When the line containing "Silver-tone Textured Fox Head Charm" is found in the data below, copy it and each line after it through the line containing "Pixy Orange Bamboo", exactly and with no others.

********

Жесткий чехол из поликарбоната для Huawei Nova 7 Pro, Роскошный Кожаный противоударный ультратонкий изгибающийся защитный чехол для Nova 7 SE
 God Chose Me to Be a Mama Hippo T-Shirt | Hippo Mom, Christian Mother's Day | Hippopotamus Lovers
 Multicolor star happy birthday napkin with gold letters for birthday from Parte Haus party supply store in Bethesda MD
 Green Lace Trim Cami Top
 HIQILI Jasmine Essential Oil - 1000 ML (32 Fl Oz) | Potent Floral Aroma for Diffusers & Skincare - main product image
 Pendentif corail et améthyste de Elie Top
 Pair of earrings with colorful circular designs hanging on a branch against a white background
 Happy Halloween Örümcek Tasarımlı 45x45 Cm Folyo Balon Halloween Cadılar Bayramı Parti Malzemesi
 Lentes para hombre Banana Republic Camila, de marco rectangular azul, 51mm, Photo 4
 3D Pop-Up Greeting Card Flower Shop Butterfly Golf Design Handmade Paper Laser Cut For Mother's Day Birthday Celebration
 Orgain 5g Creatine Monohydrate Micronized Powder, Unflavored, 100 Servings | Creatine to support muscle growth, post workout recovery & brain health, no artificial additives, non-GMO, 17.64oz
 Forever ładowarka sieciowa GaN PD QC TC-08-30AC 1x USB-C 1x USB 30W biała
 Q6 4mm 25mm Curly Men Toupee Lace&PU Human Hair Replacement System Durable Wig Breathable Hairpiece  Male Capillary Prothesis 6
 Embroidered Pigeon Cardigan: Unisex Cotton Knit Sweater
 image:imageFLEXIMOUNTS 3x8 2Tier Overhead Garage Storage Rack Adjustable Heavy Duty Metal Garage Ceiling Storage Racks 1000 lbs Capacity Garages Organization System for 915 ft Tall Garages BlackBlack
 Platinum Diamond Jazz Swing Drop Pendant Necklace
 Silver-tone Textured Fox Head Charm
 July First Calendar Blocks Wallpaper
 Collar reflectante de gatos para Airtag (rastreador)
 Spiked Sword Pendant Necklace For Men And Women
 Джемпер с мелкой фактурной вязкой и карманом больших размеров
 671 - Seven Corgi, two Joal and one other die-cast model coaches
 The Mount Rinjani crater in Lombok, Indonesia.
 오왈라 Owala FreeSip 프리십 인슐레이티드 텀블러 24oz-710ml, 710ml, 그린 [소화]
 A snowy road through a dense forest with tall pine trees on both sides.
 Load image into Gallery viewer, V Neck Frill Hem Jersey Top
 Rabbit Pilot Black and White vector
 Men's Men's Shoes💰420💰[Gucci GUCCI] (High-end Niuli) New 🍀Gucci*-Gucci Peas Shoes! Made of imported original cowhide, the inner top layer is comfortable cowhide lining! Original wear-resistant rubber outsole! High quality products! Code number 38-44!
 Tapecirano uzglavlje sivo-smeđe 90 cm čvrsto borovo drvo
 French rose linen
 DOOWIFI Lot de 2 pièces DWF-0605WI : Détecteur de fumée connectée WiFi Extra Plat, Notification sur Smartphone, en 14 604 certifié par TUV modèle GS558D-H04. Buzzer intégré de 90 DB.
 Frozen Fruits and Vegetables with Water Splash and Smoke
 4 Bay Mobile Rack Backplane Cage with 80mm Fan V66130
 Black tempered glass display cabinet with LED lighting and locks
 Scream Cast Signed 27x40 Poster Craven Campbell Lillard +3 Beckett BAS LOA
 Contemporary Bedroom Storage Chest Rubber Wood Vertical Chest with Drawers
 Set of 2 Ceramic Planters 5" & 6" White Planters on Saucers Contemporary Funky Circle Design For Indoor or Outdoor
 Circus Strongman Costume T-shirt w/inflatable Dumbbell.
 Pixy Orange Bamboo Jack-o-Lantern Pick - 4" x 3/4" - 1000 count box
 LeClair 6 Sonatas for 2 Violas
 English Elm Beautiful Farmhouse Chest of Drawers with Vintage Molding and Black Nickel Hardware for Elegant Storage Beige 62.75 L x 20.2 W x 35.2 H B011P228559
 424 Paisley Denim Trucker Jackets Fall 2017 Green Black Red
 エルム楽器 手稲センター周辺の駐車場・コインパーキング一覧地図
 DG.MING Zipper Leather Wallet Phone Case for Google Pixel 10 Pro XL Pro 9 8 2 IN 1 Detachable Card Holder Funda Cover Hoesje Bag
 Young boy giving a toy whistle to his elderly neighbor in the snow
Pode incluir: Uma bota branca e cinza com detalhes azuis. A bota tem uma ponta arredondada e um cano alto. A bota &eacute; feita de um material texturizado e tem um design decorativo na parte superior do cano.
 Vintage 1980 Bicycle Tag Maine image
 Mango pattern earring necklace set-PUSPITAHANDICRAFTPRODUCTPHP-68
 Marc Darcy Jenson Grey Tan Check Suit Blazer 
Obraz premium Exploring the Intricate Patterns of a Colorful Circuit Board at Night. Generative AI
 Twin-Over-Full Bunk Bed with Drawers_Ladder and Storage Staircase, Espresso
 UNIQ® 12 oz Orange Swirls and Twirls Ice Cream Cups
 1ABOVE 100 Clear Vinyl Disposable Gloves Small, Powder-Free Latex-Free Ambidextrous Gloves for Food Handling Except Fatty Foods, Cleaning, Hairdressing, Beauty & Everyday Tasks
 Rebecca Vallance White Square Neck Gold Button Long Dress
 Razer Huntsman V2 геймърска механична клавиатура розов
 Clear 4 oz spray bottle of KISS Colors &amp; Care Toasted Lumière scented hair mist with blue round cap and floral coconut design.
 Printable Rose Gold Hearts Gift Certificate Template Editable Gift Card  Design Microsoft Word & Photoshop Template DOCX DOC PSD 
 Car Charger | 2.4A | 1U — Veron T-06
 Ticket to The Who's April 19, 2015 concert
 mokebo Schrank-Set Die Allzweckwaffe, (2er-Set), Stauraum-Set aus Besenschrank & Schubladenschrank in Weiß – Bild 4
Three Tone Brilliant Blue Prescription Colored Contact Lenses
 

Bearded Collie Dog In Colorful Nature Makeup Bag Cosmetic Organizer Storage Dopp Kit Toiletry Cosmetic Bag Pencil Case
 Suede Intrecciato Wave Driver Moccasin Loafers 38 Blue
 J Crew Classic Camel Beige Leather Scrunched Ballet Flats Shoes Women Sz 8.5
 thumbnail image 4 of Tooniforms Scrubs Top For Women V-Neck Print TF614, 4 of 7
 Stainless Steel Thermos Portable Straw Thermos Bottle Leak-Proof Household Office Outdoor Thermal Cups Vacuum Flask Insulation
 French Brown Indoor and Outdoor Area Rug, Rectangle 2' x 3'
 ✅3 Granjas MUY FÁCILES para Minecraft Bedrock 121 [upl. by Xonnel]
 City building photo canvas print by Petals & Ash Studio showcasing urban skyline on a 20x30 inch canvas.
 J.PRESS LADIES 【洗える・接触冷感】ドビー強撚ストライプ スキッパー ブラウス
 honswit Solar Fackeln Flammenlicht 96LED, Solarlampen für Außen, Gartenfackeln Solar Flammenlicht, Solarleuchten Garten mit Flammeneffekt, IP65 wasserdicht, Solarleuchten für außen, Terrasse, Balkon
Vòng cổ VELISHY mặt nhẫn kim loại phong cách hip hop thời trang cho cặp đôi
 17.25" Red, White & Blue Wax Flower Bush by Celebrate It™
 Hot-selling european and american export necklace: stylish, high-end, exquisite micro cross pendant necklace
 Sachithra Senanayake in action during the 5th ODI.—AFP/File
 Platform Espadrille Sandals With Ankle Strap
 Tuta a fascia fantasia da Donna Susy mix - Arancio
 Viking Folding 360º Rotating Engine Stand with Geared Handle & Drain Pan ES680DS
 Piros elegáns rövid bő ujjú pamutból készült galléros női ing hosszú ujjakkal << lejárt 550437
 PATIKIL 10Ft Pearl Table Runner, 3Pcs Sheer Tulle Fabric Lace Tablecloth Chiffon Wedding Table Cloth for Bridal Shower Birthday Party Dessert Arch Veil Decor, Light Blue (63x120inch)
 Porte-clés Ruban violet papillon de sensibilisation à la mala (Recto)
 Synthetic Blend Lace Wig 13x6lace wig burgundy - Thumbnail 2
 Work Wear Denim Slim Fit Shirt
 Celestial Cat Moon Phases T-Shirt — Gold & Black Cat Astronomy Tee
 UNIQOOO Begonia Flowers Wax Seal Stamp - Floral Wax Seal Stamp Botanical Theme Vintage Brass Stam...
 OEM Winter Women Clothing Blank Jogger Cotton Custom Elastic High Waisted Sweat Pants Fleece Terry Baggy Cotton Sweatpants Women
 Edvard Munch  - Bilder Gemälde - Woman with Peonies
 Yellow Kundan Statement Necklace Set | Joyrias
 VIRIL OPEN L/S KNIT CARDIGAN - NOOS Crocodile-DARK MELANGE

********

[EXERCISE RESPONSE]
 Silver-tone Textured Fox Head Charm
 July First Calendar Blocks Wallpaper
 Collar reflectante de gatos para Airtag (rastreador)
 Spiked Sword Pendant Necklace For Men And Women
 Джемпер с мелкой фактурной вязкой и карманом больших размеров
 671 - Seven Corgi, two Joal and one other die-cast model coaches
 The Mount Rinjani crater in Lombok, Indonesia.
 오왈라 Owala FreeSip 프리십 인슐레이티드 텀블러 24oz-710ml, 710ml, 그린 [소화]
 A snowy road through a dense forest with tall pine trees on both sides.
 Load image into Gallery viewer, V Neck Frill Hem Jersey Top
 Rabbit Pilot Black and White vector
 Men's Men's Shoes💰420💰[Gucci GUCCI] (High-end Niuli) New 🍀Gucci*-Gucci Peas Shoes! Made of imported original cowhide, the inner top layer is comfortable cowhide lining! Original wear-resistant rubber outsole! High quality products! Code number 38-44!
 Tapecirano uzglavlje sivo-smeđe 90 cm čvrsto borovo drvo
 French rose linen
 DOOWIFI Lot de 2 pièces DWF-0605WI : Détecteur de fumée connectée WiFi Extra Plat, Notification sur Smartphone, en 14 604 certifié par TUV modèle GS558D-H04. Buzzer intégré de 90 DB.
 Frozen Fruits and Vegetables with Water Splash and Smoke
 4 Bay Mobile Rack Backplane Cage with 80mm Fan V66130
 Black tempered glass display cabinet with LED lighting and locks
 Scream Cast Signed 27x40 Poster Craven Campbell Lillard +3 Beckett BAS LOA
 Contemporary Bedroom Storage Chest Rubber Wood Vertical Chest with Drawers
 Set of 2 Ceramic Planters 5" & 6" White Planters on Saucers Contemporary Funky Circle Design For Indoor or Outdoor
 Circus Strongman Costume T-shirt w/inflatable Dumbbell.
 Pixy Orange Bamboo Jack-o-Lantern Pick - 4" x 3/4" - 1000 count box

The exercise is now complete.